Print the range of lines that opens with the line containing "Samsung sm-a127f/ds galaxy" and closes with the last line of the listing. Include both ends; print nothing more.

> [DATA SHOWN]
***
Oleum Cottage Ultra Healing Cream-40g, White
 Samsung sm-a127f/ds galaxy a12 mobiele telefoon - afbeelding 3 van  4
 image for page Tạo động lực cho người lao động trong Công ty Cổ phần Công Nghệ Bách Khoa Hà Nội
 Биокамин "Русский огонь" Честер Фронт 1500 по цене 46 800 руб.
***
> [TASK ANSWER]
 Samsung sm-a127f/ds galaxy a12 mobiele telefoon - afbeelding 3 van  4
 image for page Tạo động lực cho người lao động trong Công ty Cổ phần Công Nghệ Bách Khoa Hà Nội
 Биокамин "Русский огонь" Честер Фронт 1500 по цене 46 800 руб.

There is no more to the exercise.